La costruzione di centrali a biomassa sta facendo lievitare le importazioni europee di legname dalle foreste del sud mondo. Di fronte a una previsione di crescita del 600% del fabbisogno di legno, alcuni operatori del settore hanno iniziato ad acquistare terreni in Africa, America Latina e Asia per creare piantagioni di alberi. Corea del Sud, Mozambico, Cambogia e Indonesia rappresentano le aree nelle quali si sono concentrati gli interessi delle multinazionali.


Ma quali saranno le implicazioni per le popolazioni locali? Un documento dello Iied, International for Environment and Development, un istituto indipendente di ricerca britannico, spiega che la crescita della domanda globale di fonti energetiche rinnovabili, rischia di portare a una vera e propria corsa alla terra nei paesi in via di sviluppo, dove l'insicurezza alimentare è in aumento e diritti delle popolazioni sociali alle terre ancestrali sono fragili.

Il legno rappresenta ormai il 67% della fornitura di energia rinnovabile su scala globale e molti paesi del Nord stanno aumentando l'impiego di questo materiale, sia per ridurre la propria dipendenza dai combustibili fossili sia per contrastare il cambiamento climatico.

Il documento, rivolto ai responsabili delle politiche energetiche nei paesi sviluppati e in quelli in via di sviluppo, avverte che la crescente domanda di legname minaccia la sicurezza alimentare e il sostentamento delle popolazioni povere e più vulnerabili del mondo.

Come ha spiegato il ricercatore italiano Lorenzo Cotula, uno degli autori del documento, l'interesse crescente verso i terreni africani per progetti agroalimentari o bioenergetici crea seri rischi per le popolazioni locali.
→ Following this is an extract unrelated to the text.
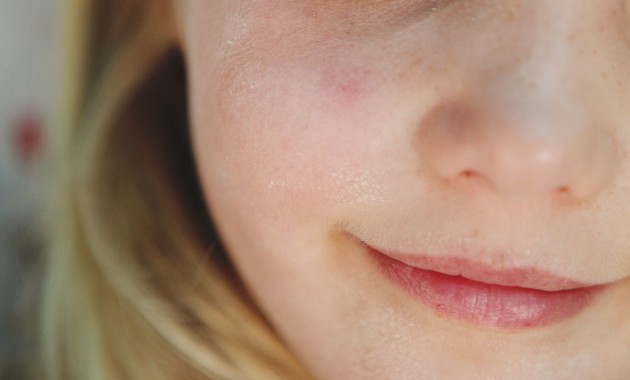 skin-care-for-kids-with-sensitive-skin-how-to-help-chapped-skin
Queste infatti, seppur occupando le terre per generazioni, formalmente spesso godono soltanto di deboli diritti di uso, vengono consultate poco e dispongono di fragili meccanismi di ricorso legale.

Duncan Macqueen, un ricercatore senior e co-autore aggiunge, sottolinea poi che il legno è una fonte vitale di energia rinnovabile ed i paesi del Sud dovrebbero utilizzarlo per la sicurezza energetica locale, piuttosto che esportarlo alimentando il deficit energetico a scapito della propria popolazione.

In molti Paesi africani la terra appartiene allo Stato, e governi negoziano i contratti di affitto a lungo termine con gli investitori. «Le popolazioni possono aver occupato le terre per generazioni, ma spesso possono contare su deboli diritti di uso, vengono poco consultate e dispongono di fragili meccanismi di ricorso. Dove i diritti locali sono più forti, invece, ci sono problemi di attuazione, spesso legati a mancanza di know-how e rapporti di forza». Per gli esperti è necessario dunque, a livello preliminare, un «dibattito aperto sugli impatti sociali che le politiche energetiche dei Paesi del Nord del mondo minacciano di causare nei Paesi in via di sviluppo».